Tanker operator Stelmar Shipping said it was ready to revive talks with Bermuda-based First International to buy six petroleum tankers once the latter is free of an ownership dispute.
"Yes, we're there to talk again, and would be interested in talking again for sure," a top Stelmar official said.
Stelmar and First International reached a $140 million deal for the ships last year but it fell through in October when First International became embroiled in a bitter legal dispute with a minor lender.
The tanker fleet has since become ensnared in a fresh dispute, this time between First International and bondholders, which provided most of the $257 million to build the fleet.
Stelmar listed in New York in February, with the purpose of raising funds to buy 10 products tankers from Osprey Maritime; a deal with First International would swell the fleet to 28.

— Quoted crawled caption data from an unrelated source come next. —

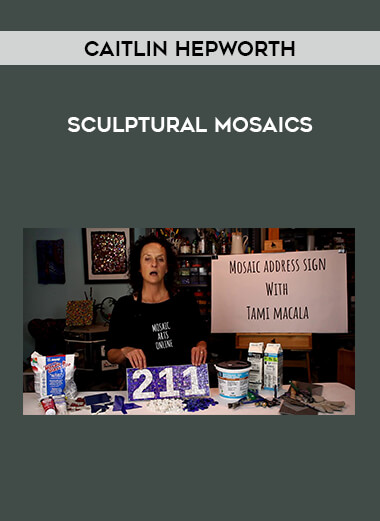Caitlin Hepworth - Sculptural Mosaics courses available download now.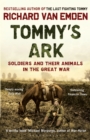 Image for Tommy&#39;s ark  : soldiers and their animals in the Great War
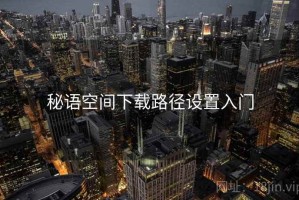 秘语空间下载路径设置入门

"It's no secret that Stelmar's in the business of growing its product tanker fleet, and assets like that are not always on the market," the official said. "We're going to have to start again, because we're a different company. We've moved on since then (the first deal)."
Both First International and investment fund bond holders have asked a New York court to decide in coming weeks which of them controls the future employment of the six tankers.
Sources close to the bond holders said that if the court ruled in their favor, it would cancel a charter that First International had lined up with oil major Shell and try to sell the ships, possibly to Stelmar.